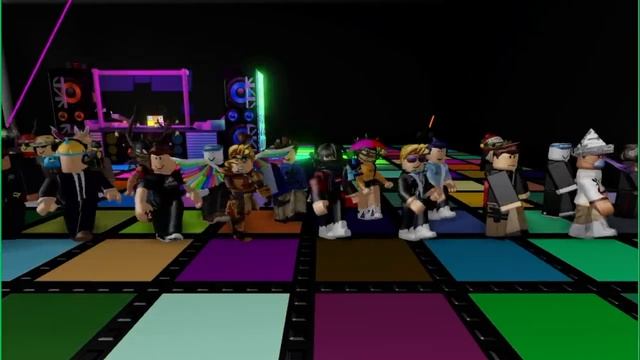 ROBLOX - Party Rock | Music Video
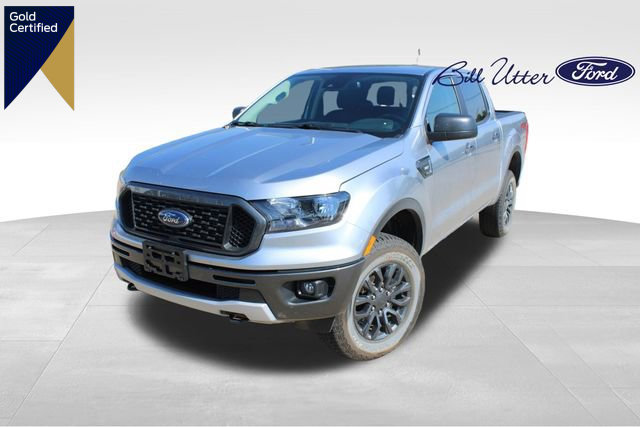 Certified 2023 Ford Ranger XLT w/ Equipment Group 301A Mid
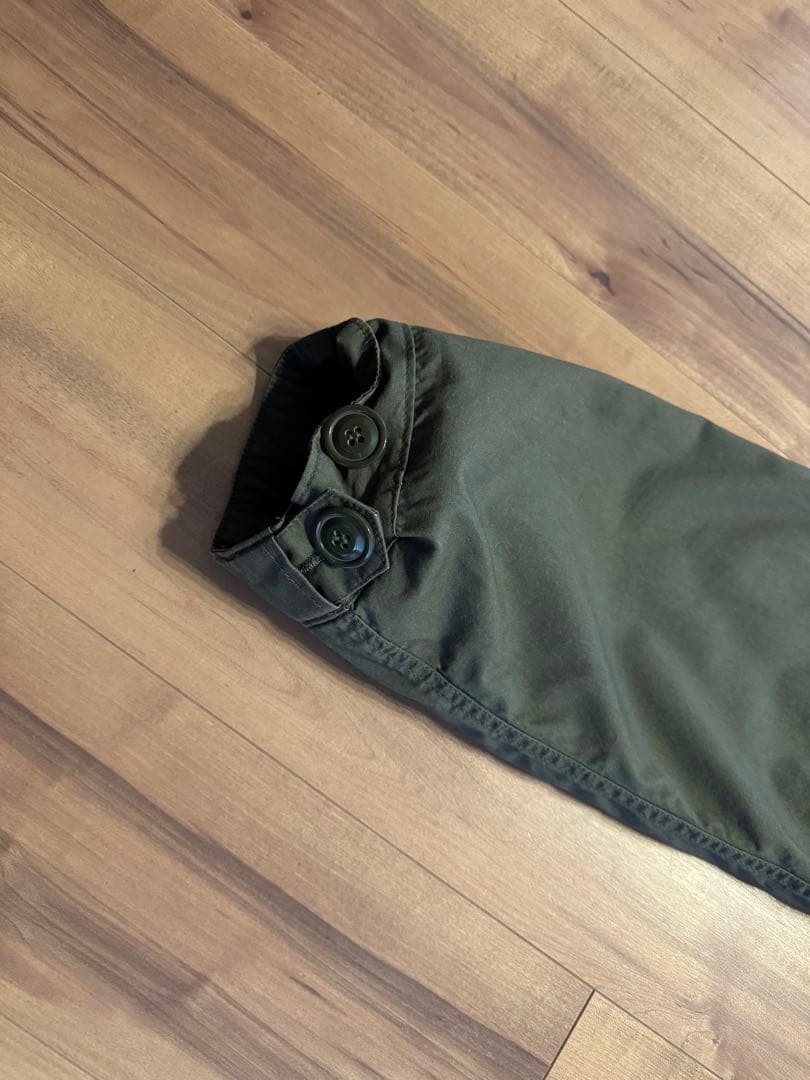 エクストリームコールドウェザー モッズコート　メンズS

WORK TO BE COMPLETED: A verbatim transcription of the listing is expected, with no pictures included.

ANSWER TO THE PROBLEM:
 ROBLOX - Party Rock | Music Video
 Certified 2023 Ford Ranger XLT w/ Equipment Group 301A Mid
 エクストリームコールドウェザー モッズコート　メンズS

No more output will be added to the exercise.